▸ **Records supplied**
-------

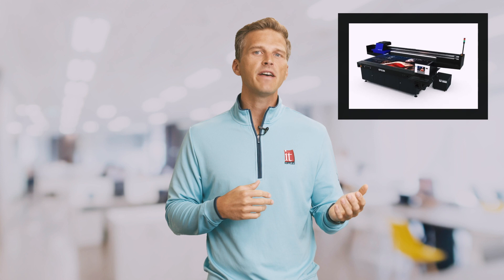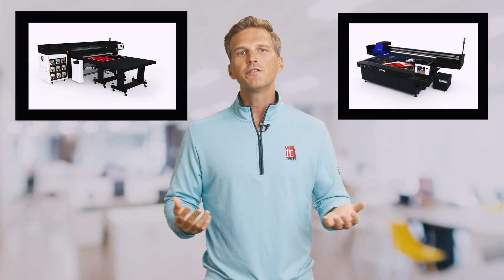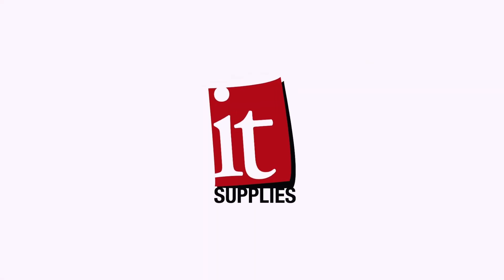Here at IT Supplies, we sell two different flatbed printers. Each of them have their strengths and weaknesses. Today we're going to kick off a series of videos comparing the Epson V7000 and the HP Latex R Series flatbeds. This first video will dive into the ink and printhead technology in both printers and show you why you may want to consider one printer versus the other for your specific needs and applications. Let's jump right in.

-------

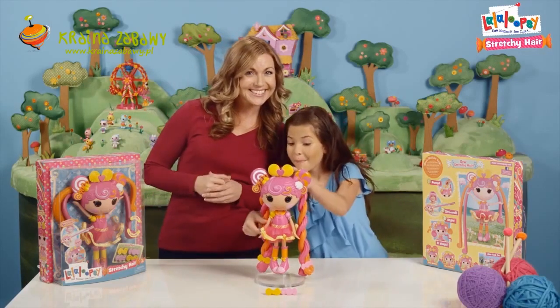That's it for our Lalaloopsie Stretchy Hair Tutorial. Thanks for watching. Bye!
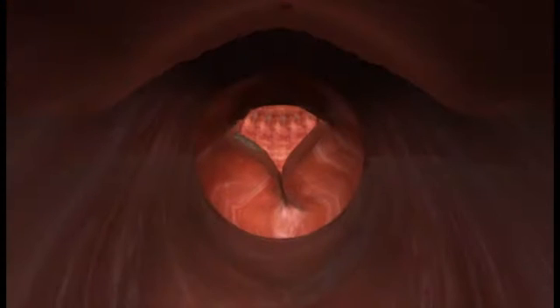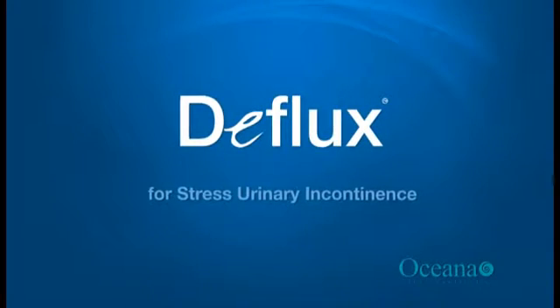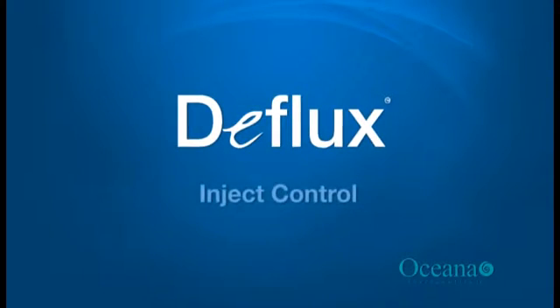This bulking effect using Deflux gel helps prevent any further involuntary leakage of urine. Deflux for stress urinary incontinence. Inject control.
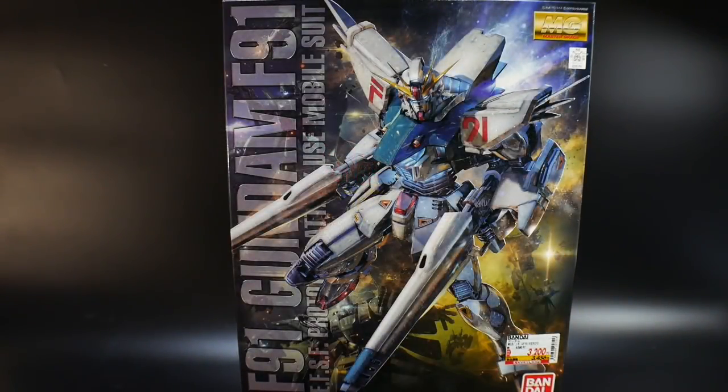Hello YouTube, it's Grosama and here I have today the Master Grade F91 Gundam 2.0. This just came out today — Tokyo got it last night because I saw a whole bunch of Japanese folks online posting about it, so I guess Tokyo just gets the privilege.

-------

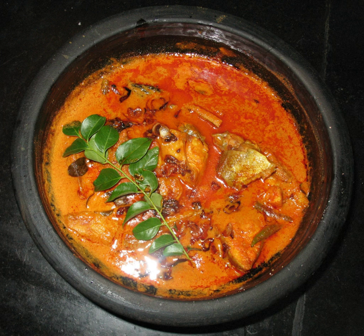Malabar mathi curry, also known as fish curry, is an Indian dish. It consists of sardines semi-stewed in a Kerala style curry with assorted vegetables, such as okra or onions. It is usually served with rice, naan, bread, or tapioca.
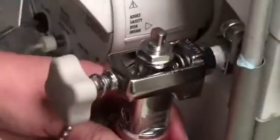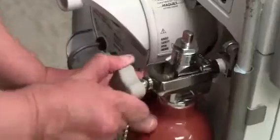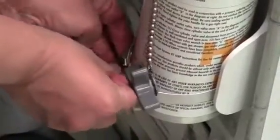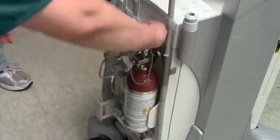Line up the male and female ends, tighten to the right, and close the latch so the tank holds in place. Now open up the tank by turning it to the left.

-------

▸ **Directions for this task**
Quote the lines above exactly, starting with the one that has "Malabar mathi curry, also" and ending with the one that has "Line up the"; drop the pictures and include nothing else.

▸ **Response to the exercise**
Malabar mathi curry, also known as fish curry, is an Indian dish. It consists of sardines semi-stewed in a Kerala style curry with assorted vegetables, such as okra or onions. It is usually served with rice, naan, bread, or tapioca.
Line up the male and female ends, tighten to the right, and close the latch so the tank holds in place. Now open up the tank by turning it to the left.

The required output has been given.